“You may be a high mogul to yourself, Mr. Kirby, but to me you’re a failure. Failure as a man, failure as a human being, even a failure as a father. When your time comes, I doubt if a single tear will be shed over you”.
Frank Capra behind the camera. Jimmy Stewart in front of it. A movie made in 1938. You’d better be ready from some saccharine sweet sentimentality. Actually, that’s unfair. Because while the cheap imitations of this kind of story telling over the last 80 odd years usually succumb to gag inducing saccharine sweet sentimentality, Capra and Stewart knew how to do it right. They did it while tackling depression and suicide in It’s a Wonderful Life. They did it with politics and corruption in Mr Smith Goes to Washington. And, they did it with general optimism and human nature, in You Can’t Take it With You.
Edward Arnold is Anthony P Kirby, banking fat cat, surrounded by his banking fat cat cronies. They’re on the verge of creating the largest monopoly America has ever known. Soon there won’t be a gun, canon or bullet made in America that doesn’t come out of one of their factories. All they need to do is buy one last house in a little neighbourhood of no real importance, and their conglomerate of death will be complete. So of course, the house purchase goes off without a hitch, and their fortunes are secure.

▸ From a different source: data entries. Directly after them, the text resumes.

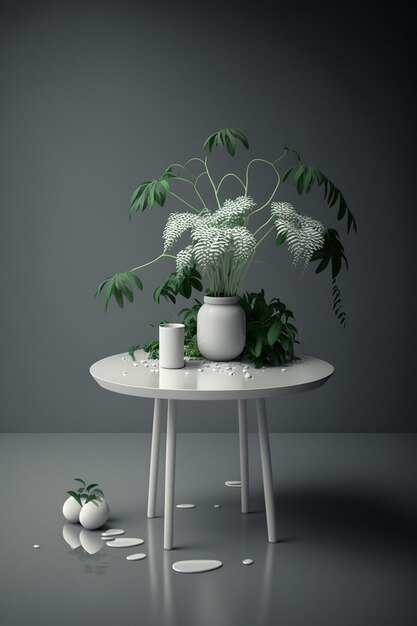 There is a table with plant in it and some white flowers generative ai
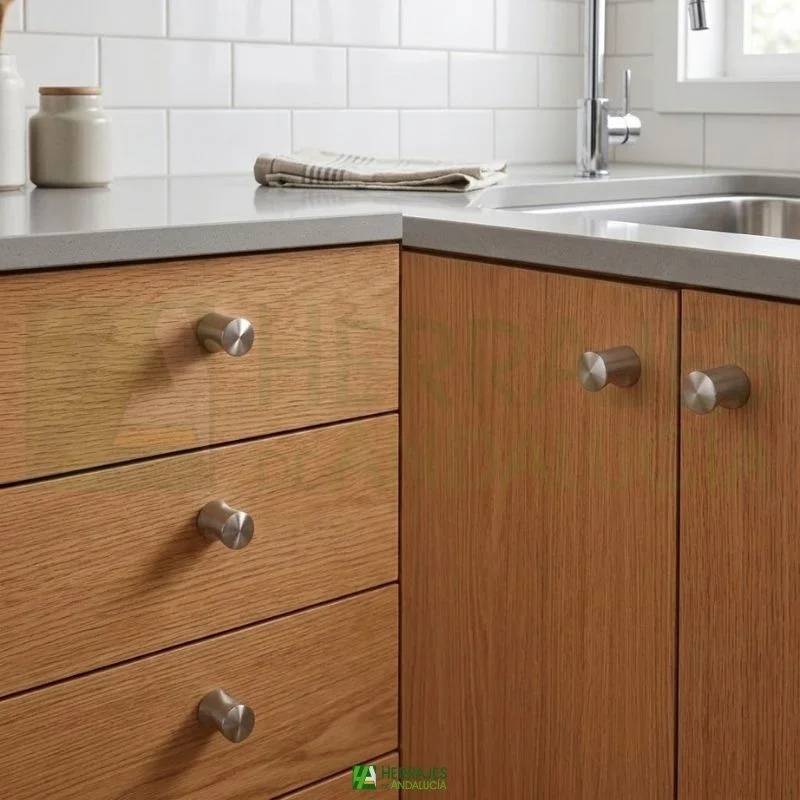 Pomo mueble Muesca Inox Ø25mm H30mm | Herrajes de Andalucía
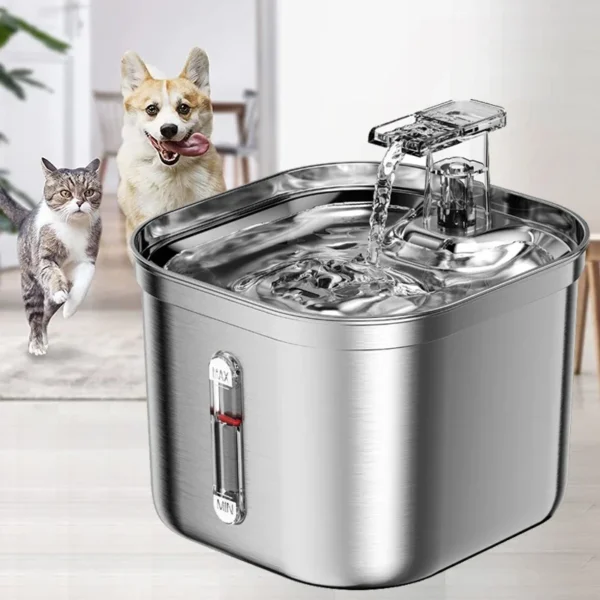 2.2L Stainless Steel Dog & Cat Feeders: Ultra-Quiet Automatic Water Fountain - Image 10
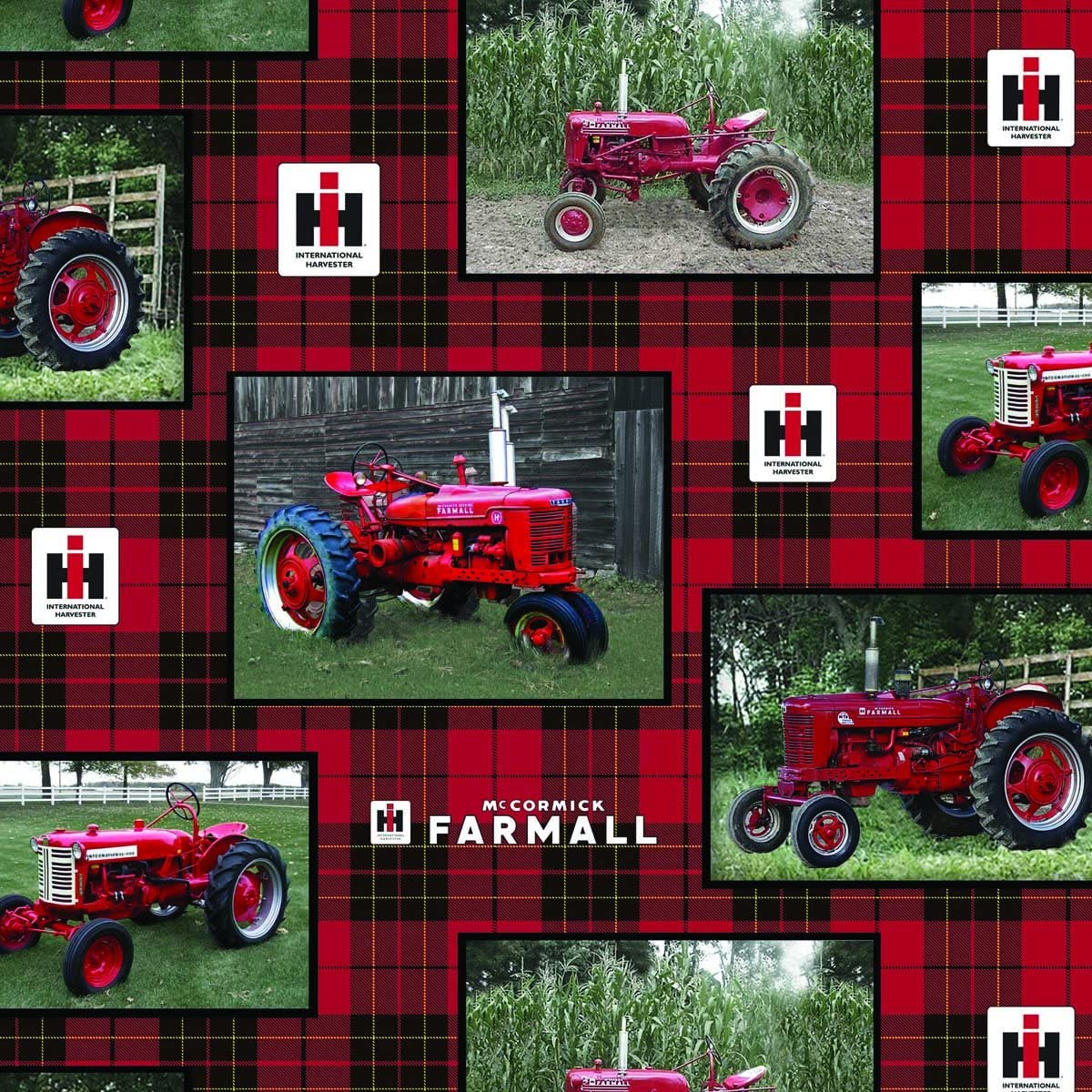 Farmall Tractor Plaid Alloverternational Harvester Quilting Cotton Fabric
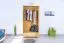 Kleiderschrank | 2 Drehtüren | 1 Schublade | 1 Fach | mit Kleiderstange | 102 cm breit | Massivholz | Farbe: Natur Abbildung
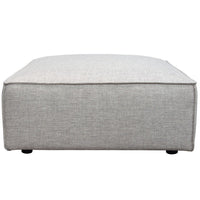 Daro 36 Inch Square Ottoman, Cushioned Top, Gray Barley Upholstery, Black - BM303199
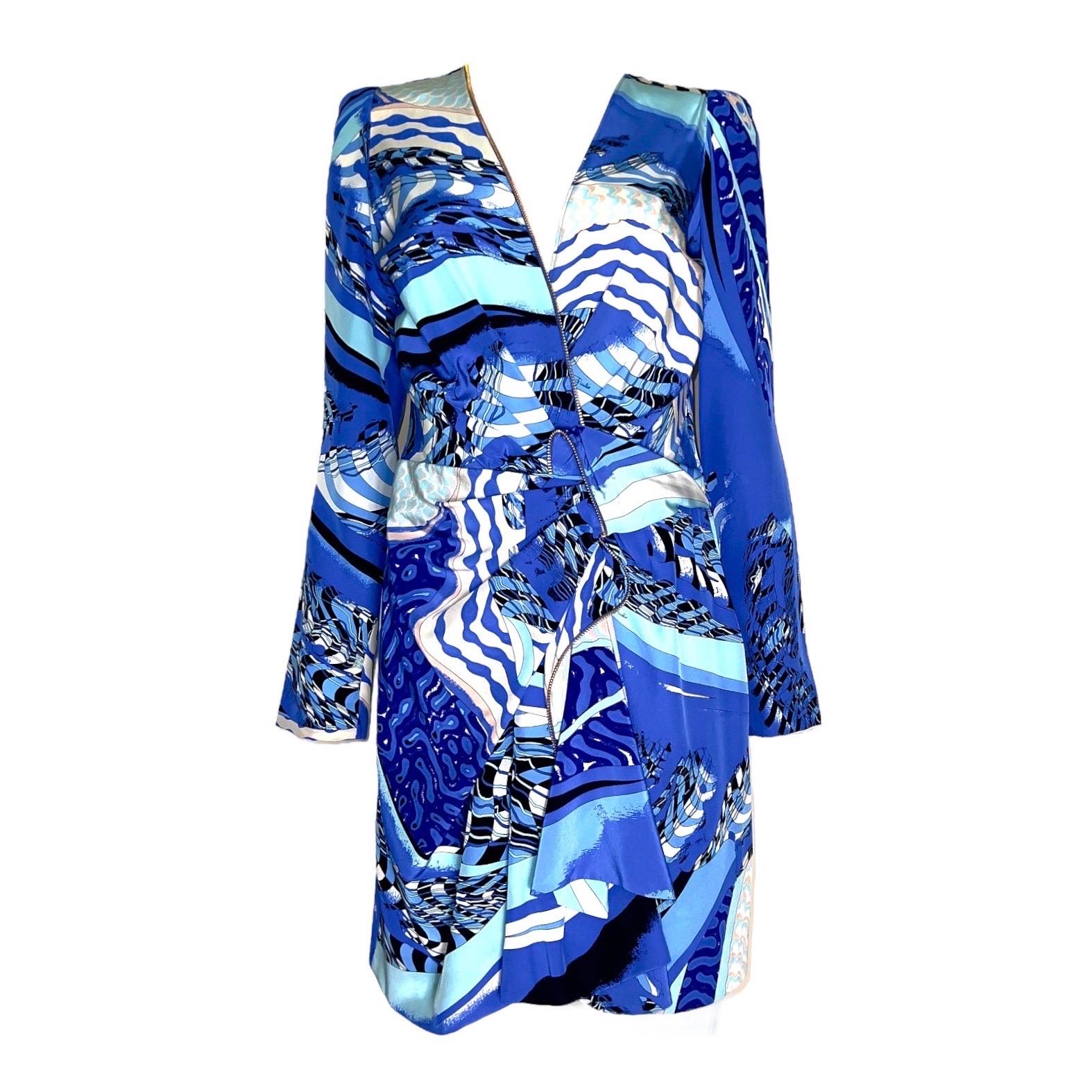 UNWORN Emilio Pucci Signature Print Faux Wrap Dress with Zip Details 44 1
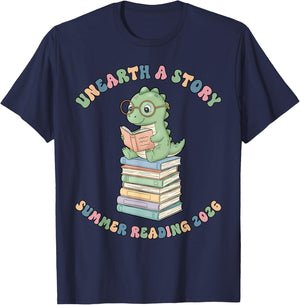 Unearth a Story Summer Reading 2026 Men Women Kids T-Shirt - T-Shirt | Navy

Oh, wait, sorry, that’s not right at all. This is a movie about rich guys versus poor, humble folk. So of course, the richies are evil, moustache twirlers who will eventually learn money and power can’t buy happiness. And the poor, humble folk will teach them that, through their, poor, humble, but emotionally rich lives and friendship. These poor, humble folk are represented by the Sycamore family, owners of that one last house Kirby needs to buy. But if only something could thrust the Kirbys and Sycamores together, so all that lesson learning could begin.
Well, luckily, for plot purposes, Kirby’s son and vice president, James Stewart as Tony Kirby, just so happens to be in love with Alice Sycamore (Jean Arthur). Now, let the class conflicts, rich stuffiness, poor quirkiness and general message shoe horning begin!
Now, all of that might sound like I’m making fun of You Can’t Take it With You and it’s less than subtle storytelling. But honestly, I loved this movie. And not despite all of that corny optimism, but because of all of that corny optimism. I have a rose coloured filter that comes with movies of a certain age. Give me this kind of hokiness in anything made in the last few decades, and I probably won’t make it all the way to the end. But you give it to me in classic, square screened black and white, or at the most, wide screen techniclor, and I’ll eat it up all day long.
Within the first five minutes of You Can’t Take it With You, you’ll be able to predict exactly what will happen, exactly who it will happen to, and exactly when it will happen. And you’ll love every second of it.